Published online by Cambridge University Press: 01 June 2011
We can now summarize our argument, utilizing concepts drawn from all three perspectives. An adequate framework for an explanation of state actions, state structures, and the state's function in society cannot be derived from any one of the three classic theoretical perspectives.
Historical relations of capitalism, the state, and democracy
The institutional separation of capitalism, the state, and democracy furthered the development of each. Capitalist development was facilitated by a nation-state that guaranteed property rights. The requirements of capitalist accumulation were more likely to be assured by institutional separation than if the state were captured by specific industrial or class interests. Also, the inequalities created by the capitalist economy were concealed by the formal rights of all citizens to buy and sell all factors of production, including land and labor. The population was symbolically integrated by the emerging rights of citizenship, which established a form of universal equality – the adult franchise – as a substitute for the economic equality denied by capitalism.
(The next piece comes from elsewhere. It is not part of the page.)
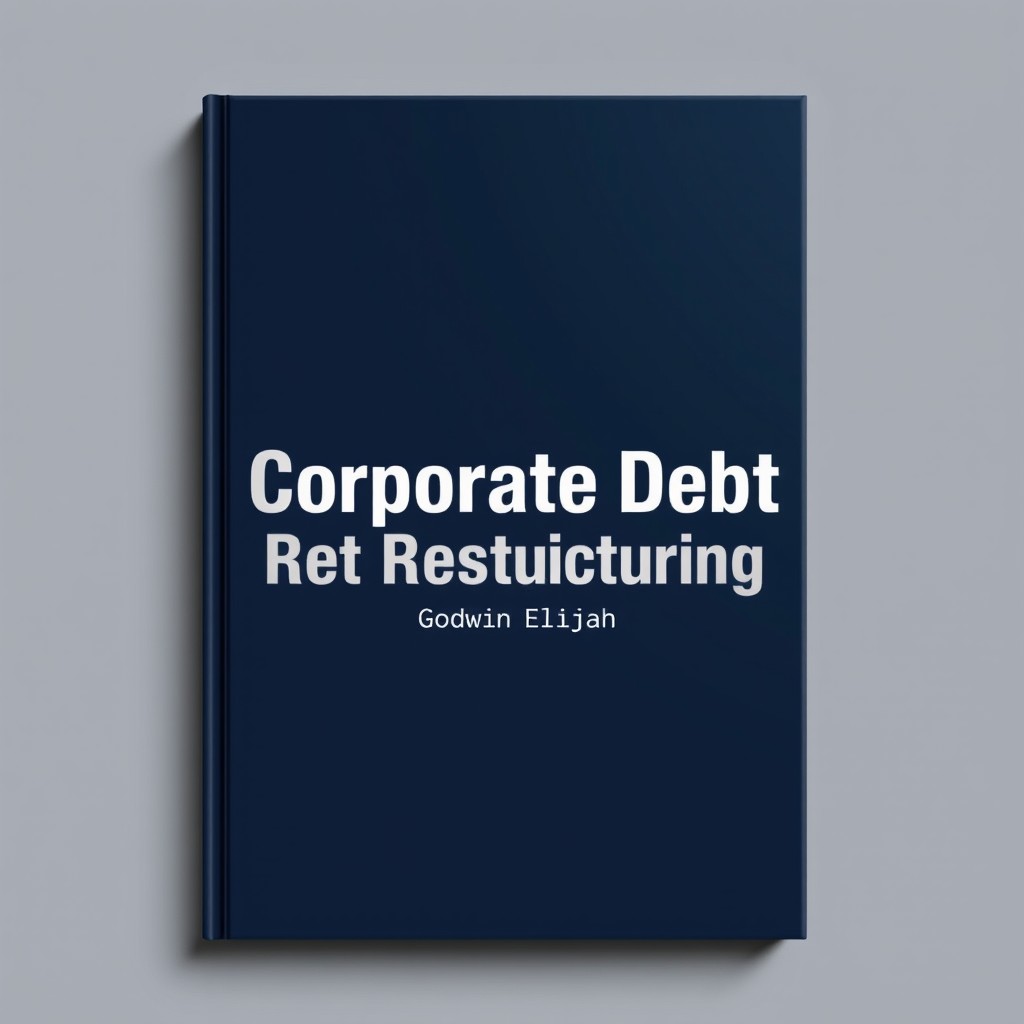 A minimalist book cover design for the title 'Corporate Debt Restructuring' by author Godwin Elijah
Similarly, the expansion of the bureaucratic state was made possible by its institutional separation from the capitalist economy. Mass political participation could be limited to attempts to influence state actions, if the state had a considerable degree of autonomy, thereby propelling its expansion. And state autonomy allowed capitalists to use their political power to compensate for their growing inability to reproduce the commodity form through the market alone. State expansion was an alternative to politicization of the capitalist system itself.